Paseando por la Decúmana para ganar el Teatro, los de la alta alcurnia se olvidaban de los lomos les traían las especias sirias, el vino bético o los jarrones helenos y ponían cara de ofensa solo con pensar en tener que pisar idénticos escalones que hollaban las suelas del barquero.
Pero padre adoraba el teatro y estaba dispuesto a soportarlo.
Por eso sacaba de la nada tiempo para ascender los escalones hasta la “cavea” más “summa”.
La magia de la piedra permitía, casi regalado, escuchar lo mismo que se escuchaba abajo, solo que pagando mucho menos.
Madre disfrutaba con Sófocles pero padre solía decir que para tragedia estaba ya la vida propia y prefería reír con una larga comedia o emocionarse ante una velada escuchando los poemas de Juvenal o Lucrecia.

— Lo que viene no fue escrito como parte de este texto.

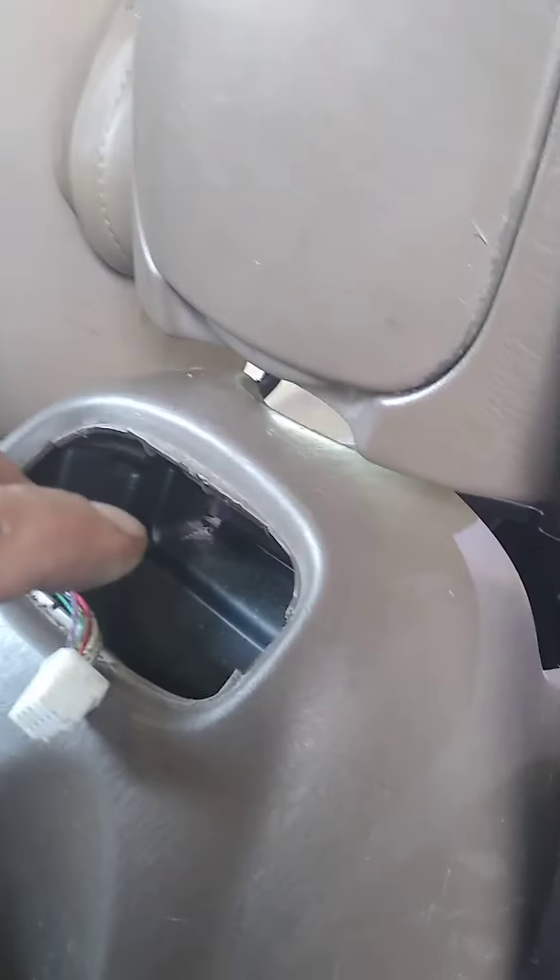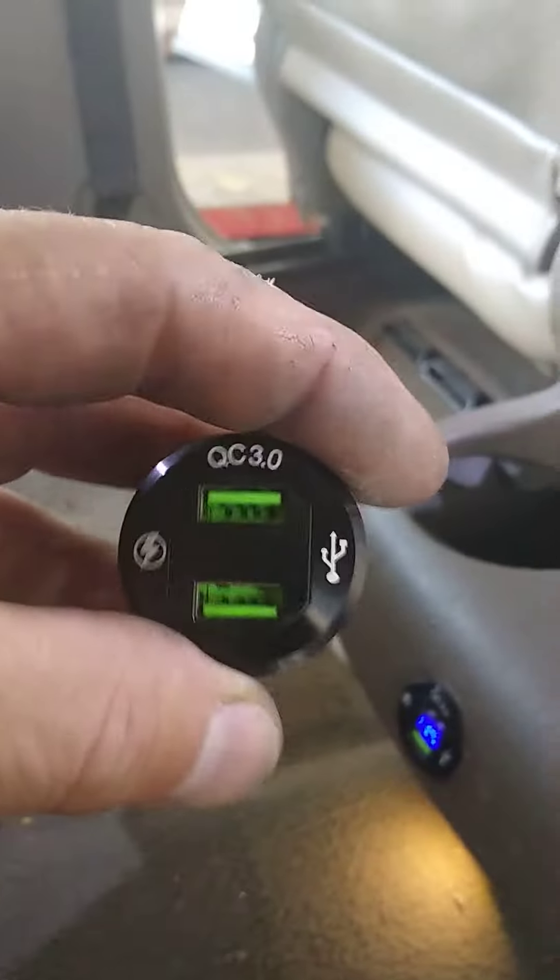Phillips screw here, Phillips screw there, and two 10mm bolts in the armrest console. I just lifted it up enough to work on it. This was a nice addition for your passengers in the back. Thanks for watching!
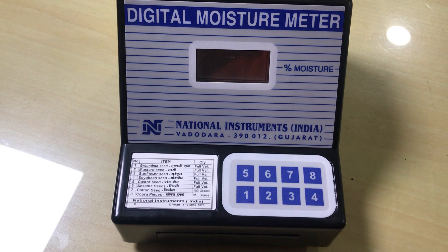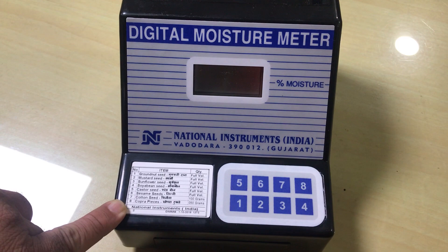This is the moisture meter, model DMM8. Various items are listed on the sticker. You can see the moisture content of the products.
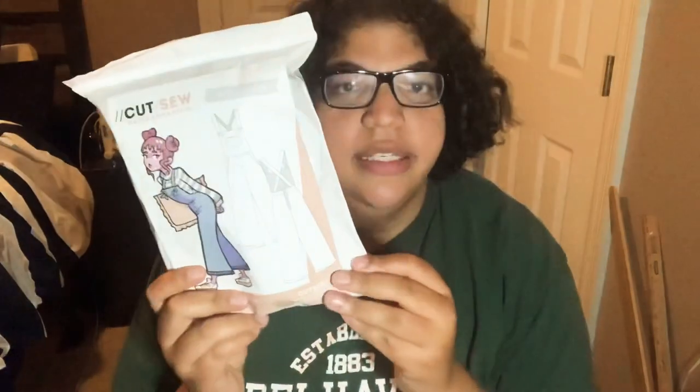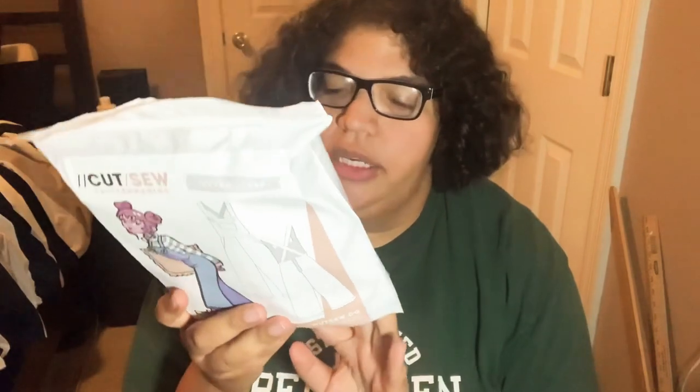Here's an overview of the packaging. I really like that it comes in a ziplock-style bag and you can put the pattern back inside it, because I have trouble putting my patterns back inside those little folded paper envelopes. I'll take this out and show you guys.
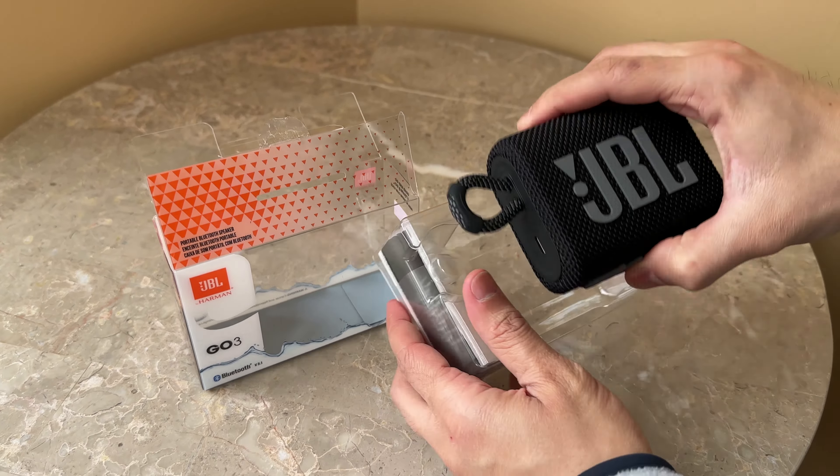Here's the speaker — looks really nice, has that big JBL logo. I could probably do without it, but that's all right. It has a power button and a Bluetooth connect button. On the other side there's USB-C for charging, and a lanyard loop to hook it onto things like a shower caddy, a doorknob, or similar.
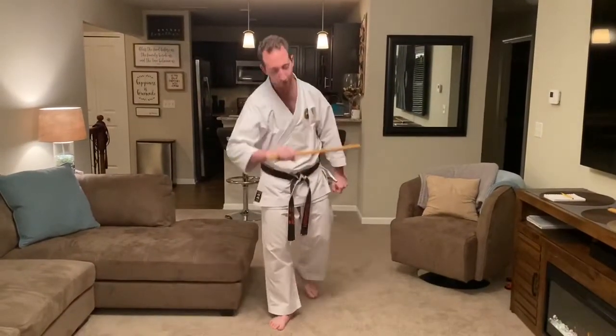All right, Master's Club class. We're going to have some fun with the cane today. We're going to focus on some simple things and then take it to a lot of stages of making it more advanced.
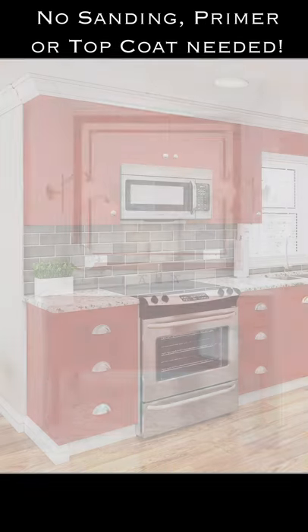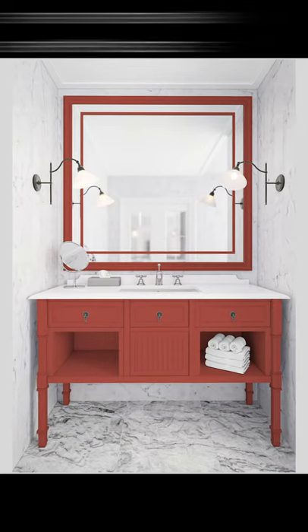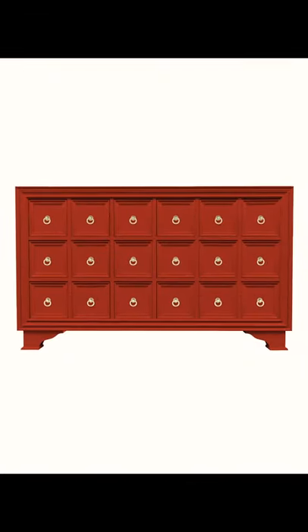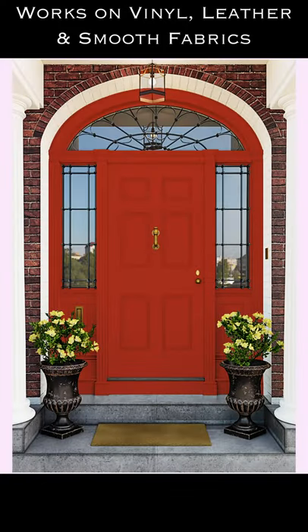All-in-One Paint has a built-in exterior grade sealer, making it a perfect choice for painting hard-wearing surfaces such as cabinets, furniture, and even exterior projects like your front door, shutters, and more.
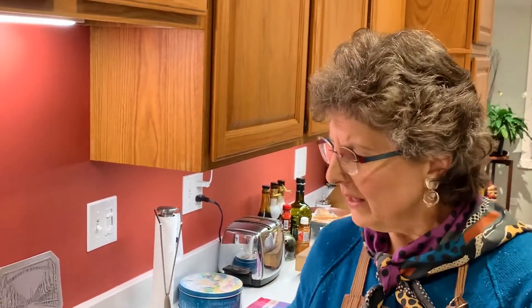Welcome back printmaking students. It's Professor Mocek in her home studio, showing you that you can do any printmaking we've been doing — or some of the new things you're going to learn — at home.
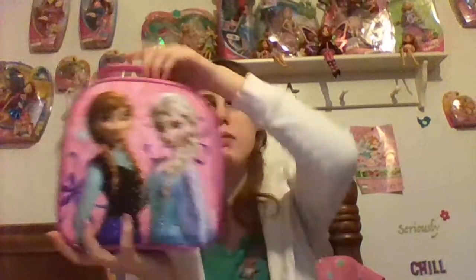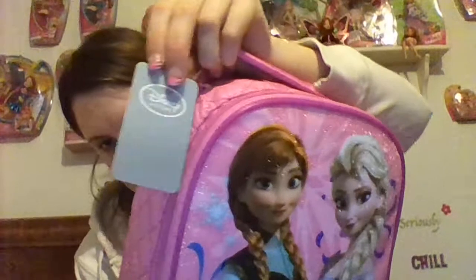The lunchbox itself is pretty lightweight, but it has some weight to it now that I have the mugs in it. It can hold a good amount of weight and still be okay. It's durable, definitely.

Ninguno de los tres sabíamos leer.
Pero aun en nuestro ignorancia, sentíamos la atracción por lo desconocido, mágico, admirados de cómo alguien era capaz de convertir en bello lo invisible y darle a una palabra, formas tan diferentes unas de otras como hermosas.
Roma quedaba lejos pero el teatro nos la dejaba algo más cerca.
Padre murió al poco de cumplir yo los catorce.
Se fue con el rostro algo compungido, sobre su última barcaza, despidiéndose, brazo meciéndose en alto, hasta algo más lejos de lo que habitualmente tenía por costumbre.
No llegó a Tarraco.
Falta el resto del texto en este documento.